Virginia lawmakers announce proposals to legalize sports betting

State Sen. Chap Petersen, D-Fairfax City.

State Sen. Chap Petersen, D-Fairfax City, said Tuesday he’ll introduce legislation to legalize sports betting in Virginia as part of a plan he says would reduce tuition at the state’s community colleges.

A few hours later, Del. Mark Sickles, D-Fairfax, announced his own sports betting proposal, floating a 15 percent tax on revenue that he estimated would bring in $41 million a year to fund research at state universities.

The flurry of legislative interest follows a U.S. Supreme Court ruling earlier this year that struck down a federal ban on sports betting outside of Nevada.
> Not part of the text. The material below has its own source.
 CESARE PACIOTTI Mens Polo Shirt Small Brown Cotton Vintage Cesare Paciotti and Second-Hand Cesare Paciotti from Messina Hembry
“Sports gaming is going to be legal across the United States,” Petersen said in a statement. “There is no reason to keep it illegal, when our neighboring states are already moving to legalize. We should keep that business in Virginia, along with the tax revenue.”

Petersen says that under his proposal, which he’s calling the “Virginia Sports Gaming Tuition Reduction Act,” localities would have to hold a referendum before issuing licenses and that tax revenue would be split between local governments and the state’s community college system.
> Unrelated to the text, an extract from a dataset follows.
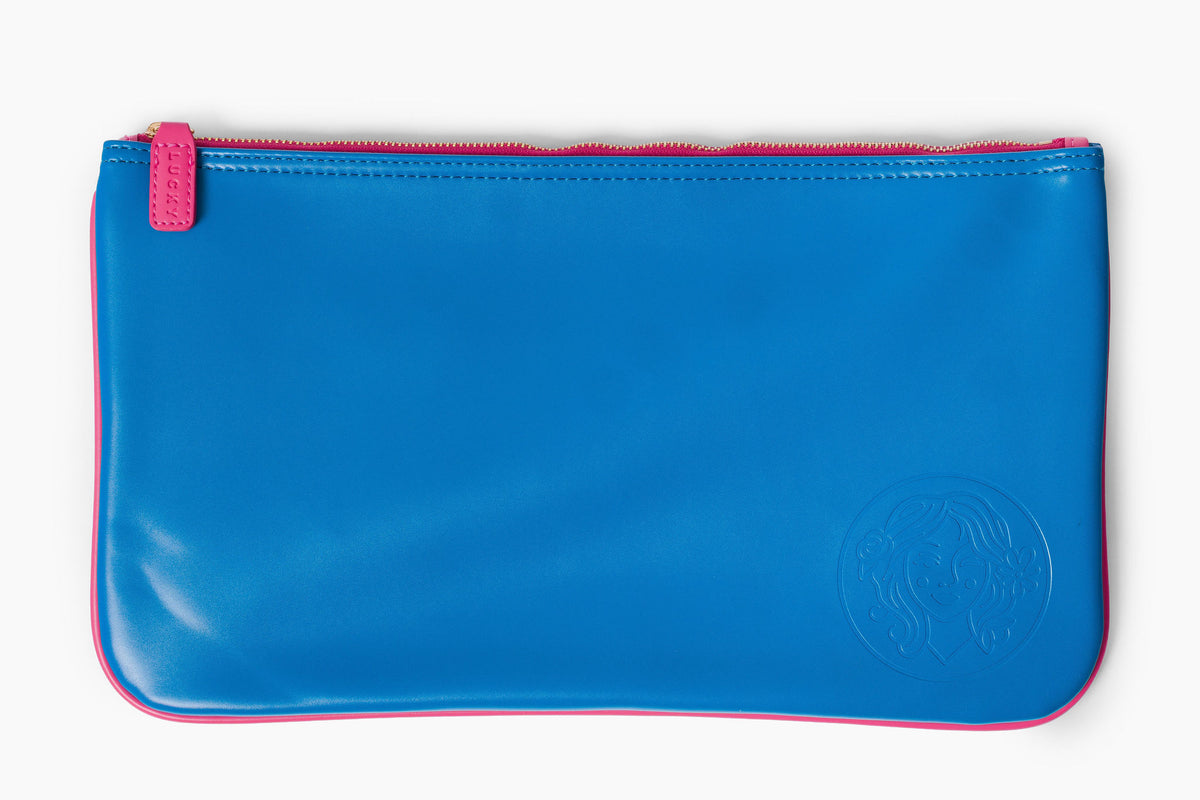 The Lucky Line: Cornflower Blue Mahjong Tiles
He said college sports would be excluded from gambling under the plan.

Sickles’ legislation bans betting on Virginia colleges and universities but “allows wagering on collegiate athletic tournaments in the commonwealth if allowed by the sponsoring league.”

Sickles proposes giving the state lottery regulatory oversight of the gambling expansion, authorizing them to license up to five sports betting operators.

“This legislation provides a framework for an open, transparent and responsible market for legal sports betting,” Sickles said in a statement. “It will protect consumers while generating revenue to allow Virginia to compete for major research projects that create jobs and help to diversify our economy away from over-reliance on federal spending.”

The proposals are one of many gambling related issues the General Assembly is likely to take up when it meets in January, with more than a dozen lobbyists registering to represent gaming interests.